I use a red vegetable dye from the local supermarket which I mix with the filtered rain water in the bottle feed.
My eyesight is not that brilliant but it sure helps to see the water level in the glass (see picture) The dye is harmless and you need very little for the water color to change. This makes life that bit easier for 'topping up'. If you want it darker then add a couple more drops.

I have read Charles notes on how you can improve performance and longliverty of your CF and I might just do that at some time in the future.
However. the video above shows how it runs out of the box, so some may think thats not bad at all








.


----------



## CapeCodSteam (Jan 2, 2008)

Great video job! I love this track every time I see it, where is it exactly? I might put in on my "Tracks to Steam on Before I Die" list.


----------



## Charles (Jan 2, 2008)

Trevor
Always good to see your cab forward running on such an attractive layout. 

If you installed a valve you could heat the water while keeping more :water in the boiler as per the design of the system during a run 











Add this situation to your watch list. Both on the top and bottom of the bracket we have found to have become loose. You will be able to determine this when the crosshead guide start moving up and down as the cross head goes to and from the cylinder.


----------



## Charles (Jan 2, 2008)

Trevor
Here is our most recent completion of an upgrade Cab Forward going through the final test run in preparation to send back to customer. The engine is self starting even without using the drain cocks, shows good speed even with the throttle less than full open along with good power.


----------



## seadawg (Jan 2, 2008)

Posted By CapeCodSteam on 06 Nov 2009 06:17 PM 
Great video job! I love this track every time I see it, where is it exactly? I might put in on my "Tracks to Steam on Before I Die" list. 

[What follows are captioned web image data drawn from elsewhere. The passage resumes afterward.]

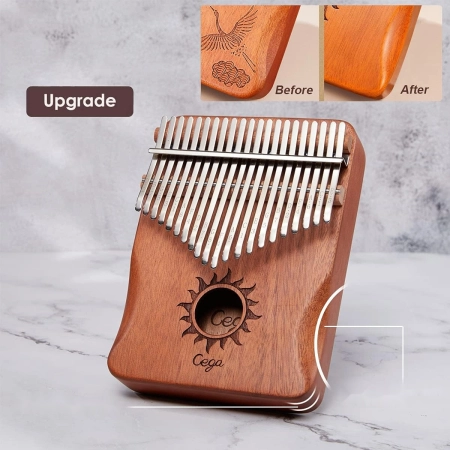 Kalimba Cega Piano 21 kluczy torba afrykański instrument
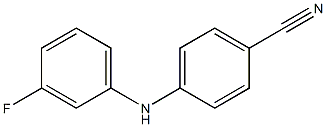 4-[(3-fluorophenyl)amino]benzonitrile Struktur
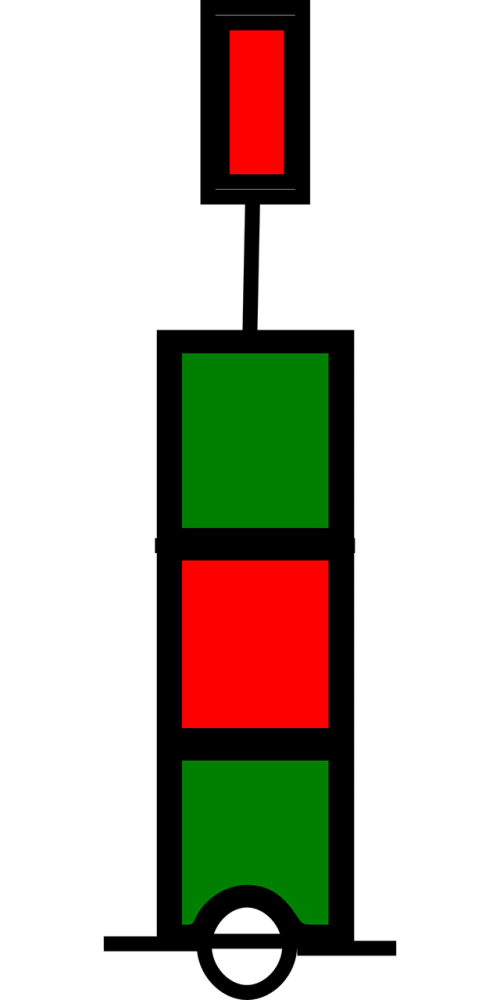 Švyturys, Diagrama, Žalia-Raudona-Žalia, Buriavimas, Jūra, Simbolis, Nemokama Vektorinė Grafika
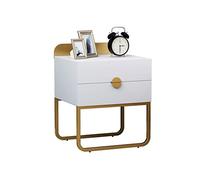 GFHTRELY Escritorio de Sofá Gabinete de Almacenamiento for Sala de Estar en casa con gabinete de Almacenamiento de Doble cajón, gabinete de Metal Creativo, mesita de Noche for Dormitorio Mesa Pequeña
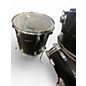 Used 1972 Rogers 4 Piece Shell Pack Black Drum Kit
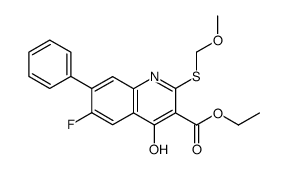 ethyl 6-fluoro-4-hydroxy-2-(methoxymethylthio)-7-phenylquinoline-3-carboxylate Structure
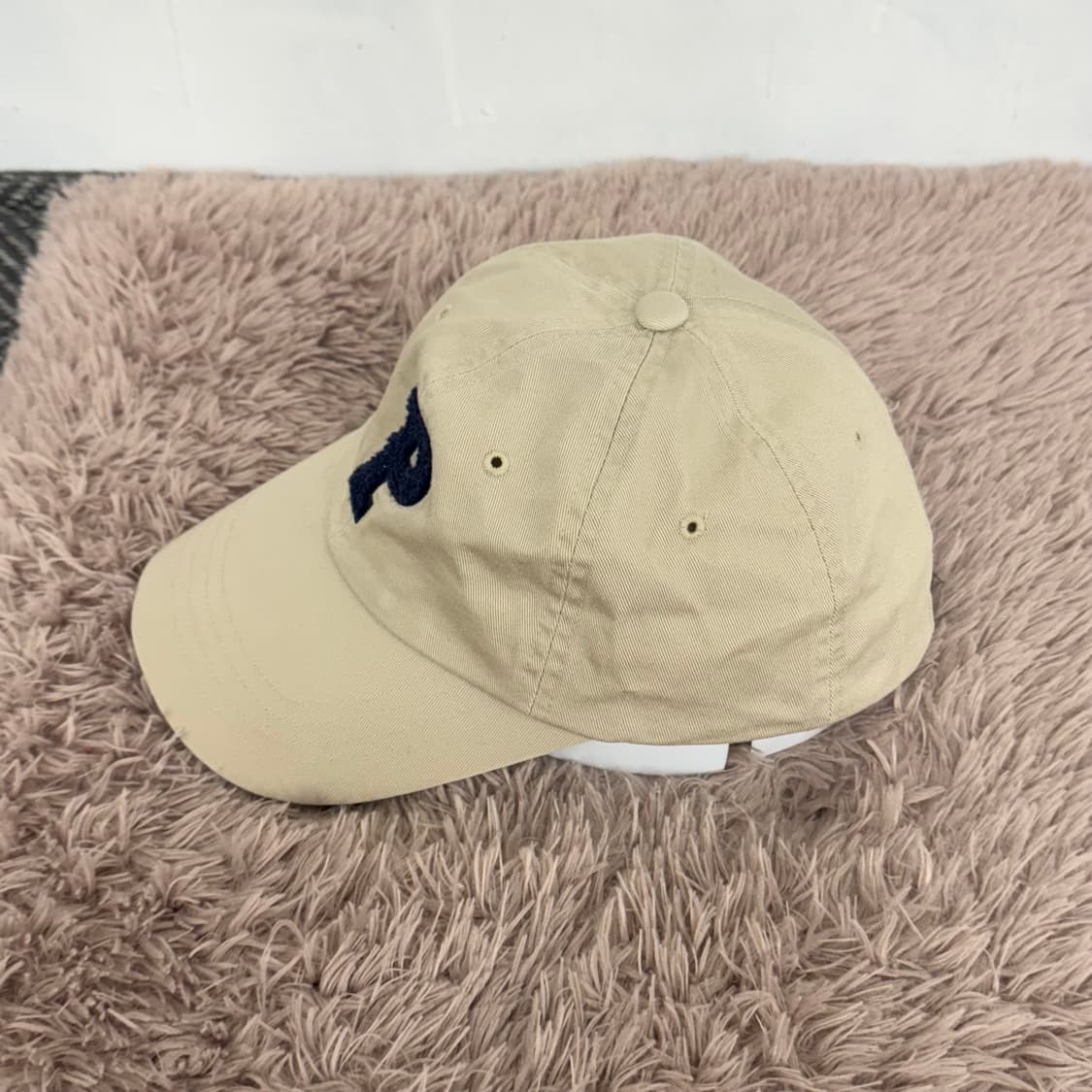 폴로랄프로렌 P로고 포인트 베이지 볼캡 상품이미지2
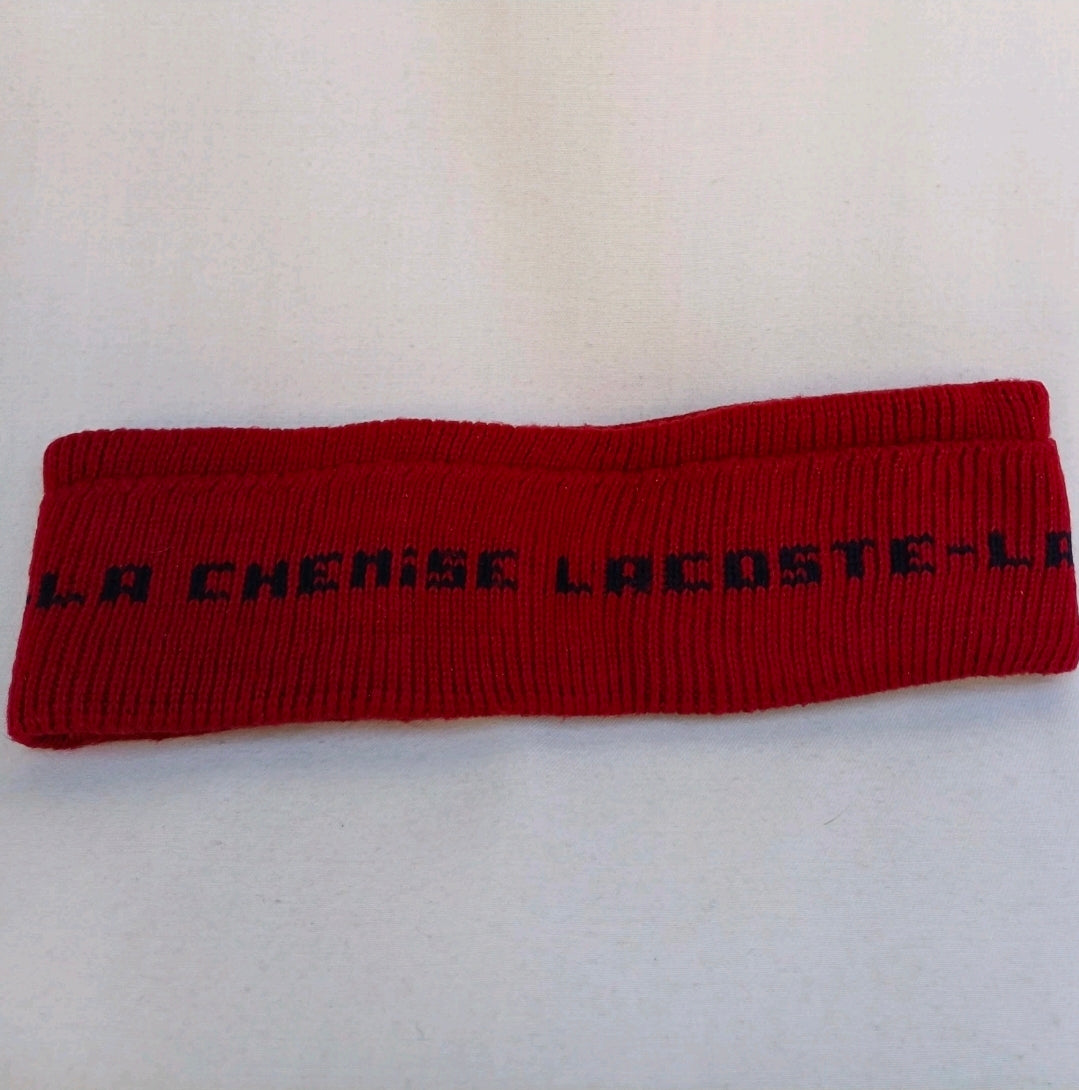 Vintage Chemise Lacoste Acrylic Headband One Size Adult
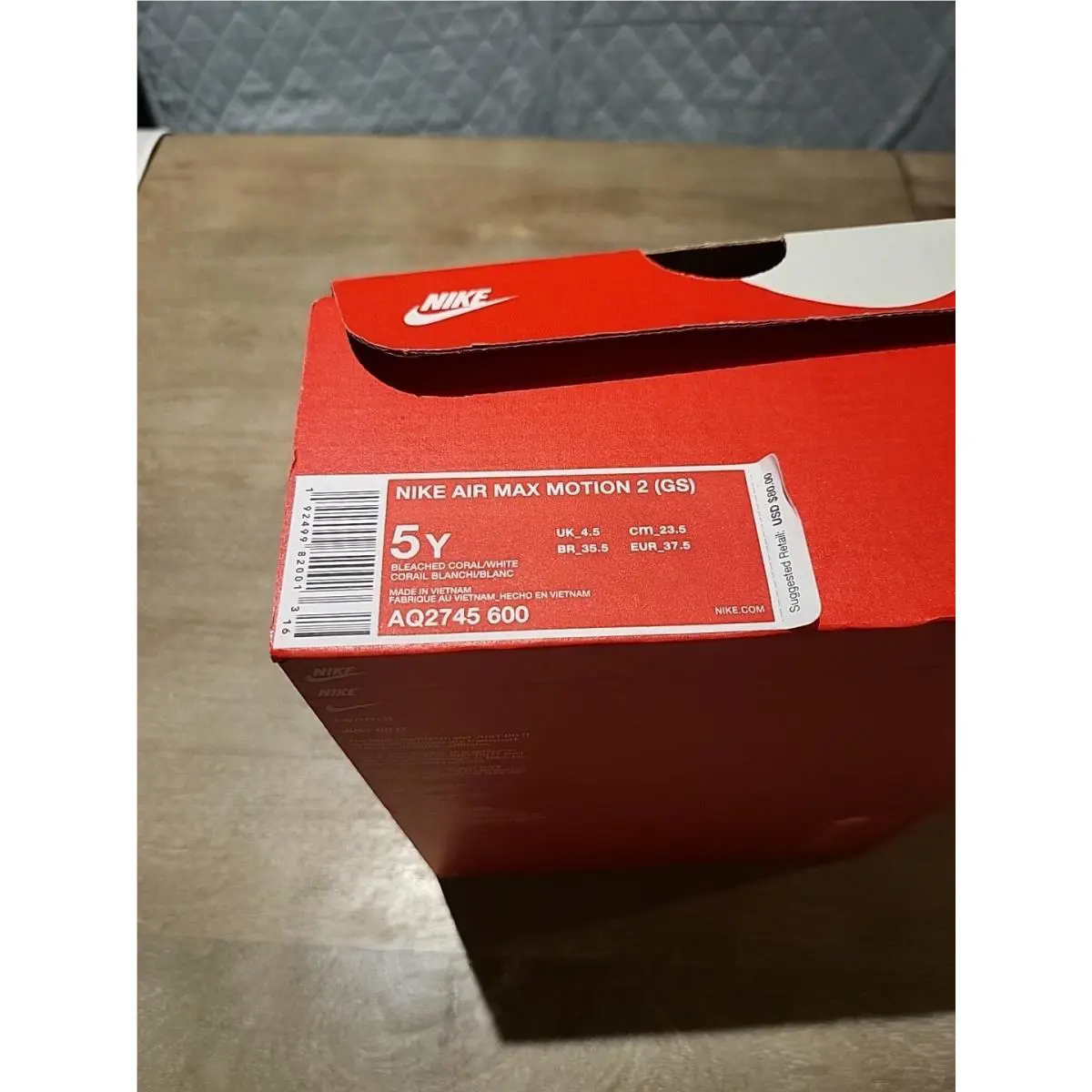 Nike shoes - Nike Air Max Motion - Air Max Motion - Aq2745 600 - Multicolor 6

Kent, I believe you will need to have your passport in order to get to that track, but I believe your LNER Mallard would feel right at home.


----------



## rkapuaala (Jan 3, 2008)

What I great video. What a great engine. Accucraft really out did itself on this model. I have made a vow to stick to one scale, one railroad, but if I had the cash, I would definatly add one of these babies to my collection, along with the GS 4 and the SP 2-8-0


----------



## CapeCodSteam (Jan 2, 2008)

Posted By seadawg on 08 Nov 2009 07:27 PM 
Posted By CapeCodSteam on 06 Nov 2009 06:17 PM 
Great video job! I love this track every time I see it, where is it exactly? I might put in on my "Tracks to Steam on Before I Die" list. 



Kent, I believe you will need to have your passport in order to get to that track, but I believe your LNER Mallard would feel right at home. 

I do have a valid virgin Passport, an empty bank account as well as a Hornby Live Steam Mallard which runs great in the kitchen on HO track. One out of three ain't bad.


----------



## CapeCodSteam (Jan 2, 2008)

Charles, 

I love the alternating black and silver roofs, excellent touch


----------



## tacfoley (Jan 3, 2008)

Sir - over here we don't have the habit that you guys do of posting locations, especially in the present climate of vandalism and petty theft. 


You see, unlike you, we are not permitted to guard our trains with the use of firearms.









I'm pretty sure that if you ever come over to our part of the UK then main131 will offer you an invitation - he's a v generous soul, him.

tac
www.ovgrs.org


----------



## Steve S. (Jan 2, 2008)

Posted By rkapuaala on 08 Nov 2009 08:29 PM 
What I great video. What a great engine. Accucraft really out did itself on this model.Actually, I think that it should be said that Charles and Ryan really out did themselves on this model. Thank goodness there are folks like them that can sort out the many issues that so many of our steam engines seem to have right out of the box.


----------



## Charles (Jan 2, 2008)

Steve
I have to acknowledge Gordon Watson for the initial R & D work, thanks to his insights Accucraft products can be better off. Yesterday, when Ryan had got the engine up to pressure it was amazing.... I could swear I was seeing an Aster run: smooth, responsive, and very capable. The list is long but worth the time and effort. Bottomline, maybe just maybe Accucraft is taking in this "free" R & D that is posted here at MLS which could result in a step forward for their RTR offerings.


----------



## tacfoley (Jan 3, 2008)

+1

main131 and I have the equivalent persons to Charles and Ryan in our local mavens - Rod and Geoff [steam] and Neil [electrical]. 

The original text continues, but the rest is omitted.